La verdadera historia de la manzana de Newton



Isaac Newton, temido por su carácter irascible, estaba que se subía literalmente por las paredes. Él, la mente más preclara de su tiempo (y bien que se jactaba de ello), había fracasado una y otra vez a la hora de intentar desentrañar la naturaleza de la gravedad, esa esquiva magnitud física que parecía querer burlarse de él escurriéndosele entre los dedos como si fuera un intangible fantasma.

Profundamente frustrado, se levantó del banco donde por enésima vez había estado reflexionando sin el menor resultado, y comenzó a pasear con impaciencia por el jardín. En su ofuscación no miró donde pisaba teniendo la mala suerte de tropezar con la madriguera de un topo, lo que le hizo caer cuan largo era dándose un considerable golpe apenas amortiguado por la hierba que tapizaba el suelo.

Mascullando maldiciones se levantó dolorido y, tras asegurarse de la ausencia de testigos de su caída, comenzó a arreglarse la maltrecha ropa ya que, bajo ningún concepto, deseaba que la servidumbre fuera partícipe de su humillante percance.

Fue justo entonces cuando le alcanzó de forma repentina la inspiración, aunque por desgracia en la crónica de su trascendental descubrimiento no ha quedado constancia de si, como afirman algunos biógrafos, llegó a exclamar ¡eureka! en homenaje a Arquímedes, su ilustre predecesor. Lo que sí ocurrió fue que, gracias a tan prosaico tropiezo, su privilegiado intelecto logró ensamblar al fin las piezas del rompecabezas que tanto le había estado torturando, gracias a lo cual habría de pasar a la posteridad como uno de los mayores genios de la ciencia moderna.

Ahora lo comprendía... lo comprendía todo con una nitidez pasmosa, sorprendiéndole que una ley tan sencilla se le hubiera estado resistiendo tenazmente durante tanto tiempo.
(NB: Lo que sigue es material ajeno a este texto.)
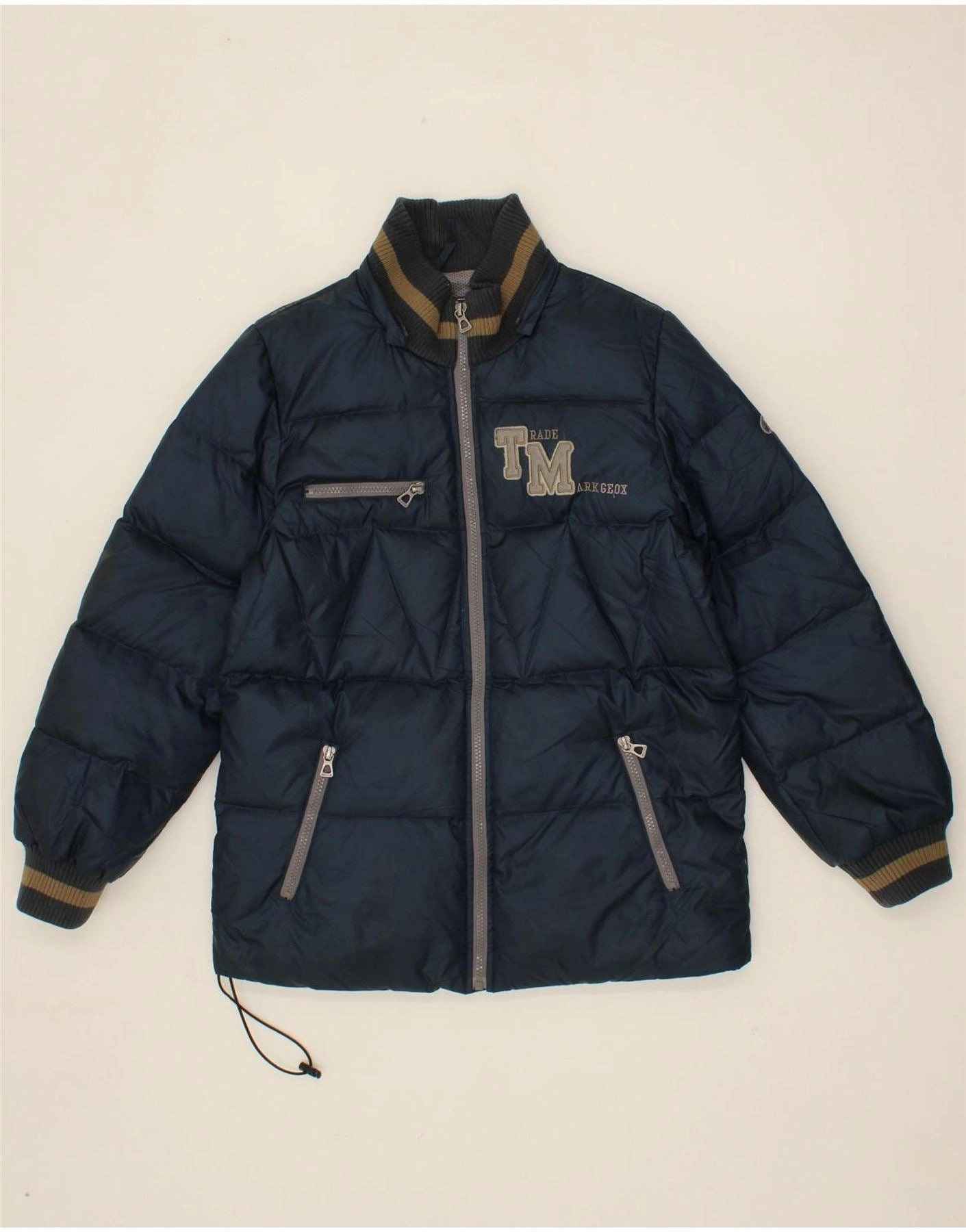 GEOX Boys Padded Jacket 11-12 Years Navy Blue QuickDryFabric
Y olvidándose de sus anteriores reparos ante el desmañado aspecto que ofrecía, se apresuró a encaminarse a su gabinete con objeto de plasmar sobre el papel lo antes posible la fórmula que le habría de hacer mundialmente famoso:


F = G × Mm/d2


Pero a mitad de camino se detuvo dubitativo. La fórmula, de ello estaba seguro, le proporcionaría la gloria eterna... a costa, claro está, de su dignidad maltrecha al verse obligado a reconocer que la había encontrado gracias a la involuntaria ayuda de una miserable alimaña. Fue entonces cuando su vista tropezó providencialmente con los cercanos manzanos, rebosantes sus verdes copas con los dorados reclamos de sus frutos. Se fijó también en las manzanas maduras que yacían caídas a los pies de los troncos, e inmediatamente encontró la solución que dejaría a salvo su orgullo.
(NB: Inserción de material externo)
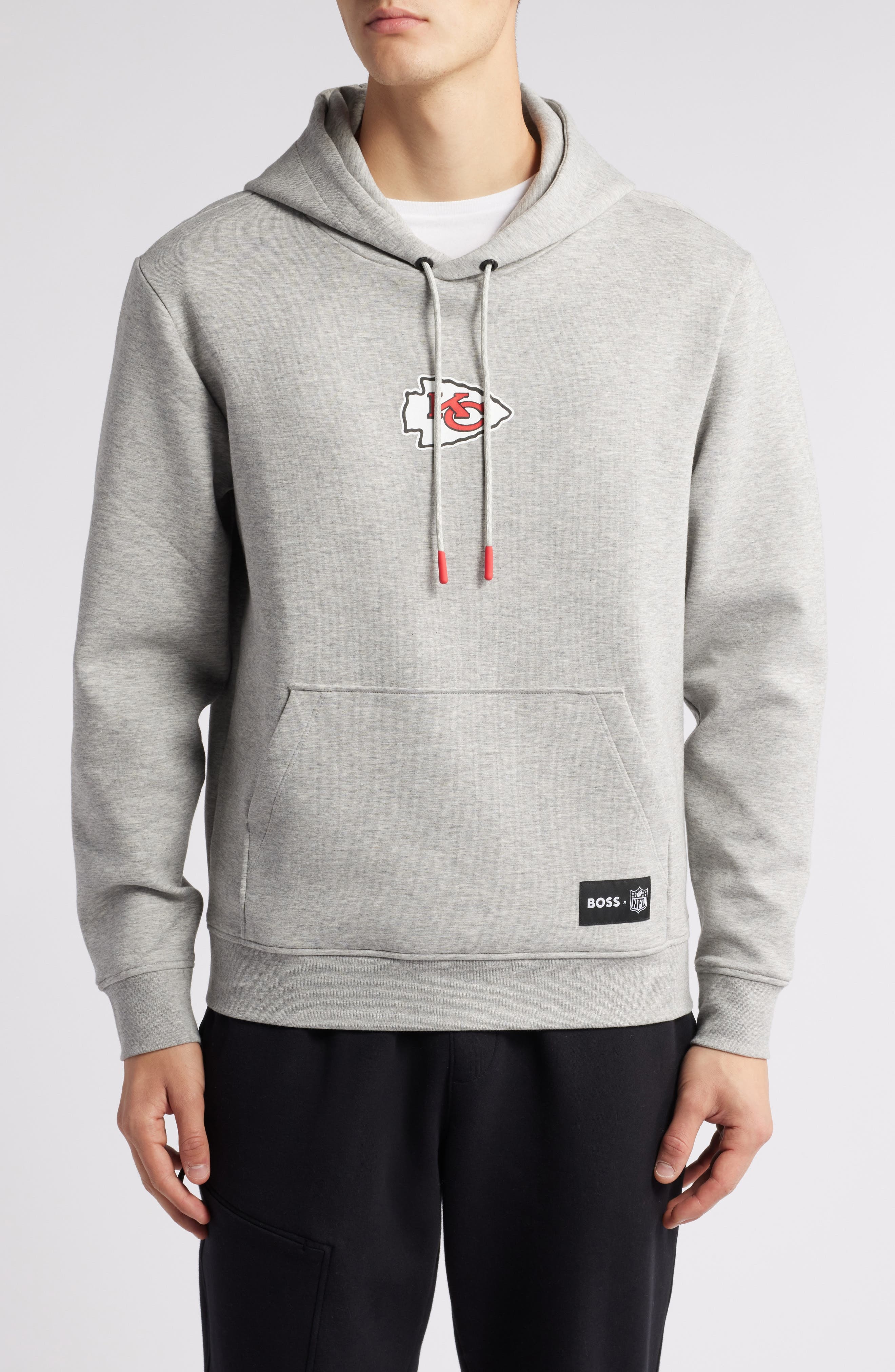 BOSS x NFL Woodson Graphic Hoodie in Kansas City Chiefs at Nordstrom - 1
¿Qué mas daba que el hallazgo de la fórmula le hubiera llegado por la caída de una manzana, o la de su propio cuerpo? ¿No era la ley que acababa de descubrir de naturaleza universal? Por tanto, una inocente mentira no alteraría lo más mínimo la importancia de su descubrimiento, librándole de cotilleos mezquinos. El gran Isaac Newton tropezando como un idiota en su propio jardín... ¡jamás!

Para celebrarlo, se comió la manzana madura más grande que encontró.